Yes there is a linear relationship between the weight and the mpg of cars, but it is moderate.
a.) Calculate the linear correlation coefficient of the weight and mpg variables.
# Calculating the linear correlation coefficient
cor(mtcars$wt, mtcars$mpg)
## [1] -0.8676594
The linear correlation coefficient is -0.8676594.
b.) Based on that correlation coefficient, describe the linear relationship between the two variables.
The relationship is strong.
a.) Create a regression equation to model the relationship between the weight and mpg of a car.
# Regression Equation
(lm1 <- lm(mpg ~ wt, data = mtcars))
##
## Call:
## lm(formula = mpg ~ wt, data = mtcars)
##
## Coefficients:
## (Intercept) wt
## 37.285 -5.344
The equation is:
y = 37.285 - 5.344x
b.) Use the regression equation to estimate the mpg of a car that weighs 2,000 lbs.
# mpg of car that weigh 2,000 lbs
37.285 - 5.344 * 2
## [1] 26.597
26.597 mpg
c.) Use the regression equation to estimate the mpg of a car that weighs 7,000 lbs.
# mpg of car that weigh 7,000 lbs
37.285 - 5.344 * 7
## [1] -0.123
-0.123 mpg
d.) Do you think the predictions in parts b and c are reliable ones? Explain why or why not.
I think for the car that car that weighs 2,000 lbs the prediction is a reliable because it is a small car and I see why approximately 27 mpg would be wnough. On the other hand, I don’t think that the prediction is reliable for the car that weigh 7,000 lbs because typically the bigger the car the more it takes.
What percent of the variation in a car’s mpg is explained by the car’s weight?
# percent of variation
summary(lm1)$r.squared
## [1] 0.7528328
75.3% of car’s MPG can be explained by the weight of the car.
Use the following chunk of code to load the NSCC student dataset into your environment. Familiarize yourself with the dataset before proceeding with the next few questions related to it.
# Store nscc_student_data into environment
nscc_student_data <- read.csv("~/Desktop/nscc_student_data.csv")
I’m curious if a person’s height is better predicted by their shoe length or by their pulse rate.

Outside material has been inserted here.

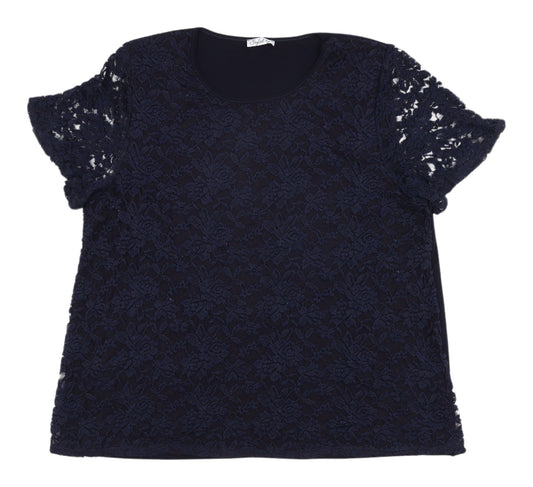 Styled by... Women's Blue Lace Blouse XL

# scatterplot of shoe lenght and height
plot(Height ~ ShoeLength, data = nscc_student_data, main = "Shoe lenght and Height")
# scatterplot of pulse rate and height
plot(Height ~ PulseRate, data = nscc_student_data, main = "Shoe lenght and Pulse rate", xlab = "Pulse Rate")
use = "pairwise.complete.obs" in your call to the cor() function to deal with the missing values.# correlation of shoe lenght and height
cor(nscc_student_data$ShoeLength, nscc_student_data$Height, use = "pairwise.complete.obs")
## [1] 0.2695881
# correlation of Pulse rate and height
cor(nscc_student_data$PulseRate, nscc_student_data$Height, use = "pairwise.complete.obs")
## [1] 0.2028639
# Linear model
(lm2 <- lm(Height ~ ShoeLength, data = nscc_student_data))
##
## Call:
## lm(formula = Height ~ ShoeLength, data = nscc_student_data)
##
## Coefficients:
## (Intercept) ShoeLength
## 60.365 0.566
The equation is:
y = 60.365 + 0.566x
# Height of someone with 10" shoe lenght
60.365 + 0.566 * 10
## [1] 66.025
The height would be 66.025 inches.
a.) You hopefully found that these were both poor models. Which pair of variables would you have expected to have a poor/no relationship before your analysis?
Height and pulse rate.
b.) Perhaps you expected the other pair of variables to have a stronger relationship than it did. Can you come up with any reasoning for why the relationship did not turn out to be very strong?
Usuallly when we make that assumption is based on people around us. I don’t know if the nscc student data was randomly selected but we have a more people at once to analyze it. So there are many possibilities.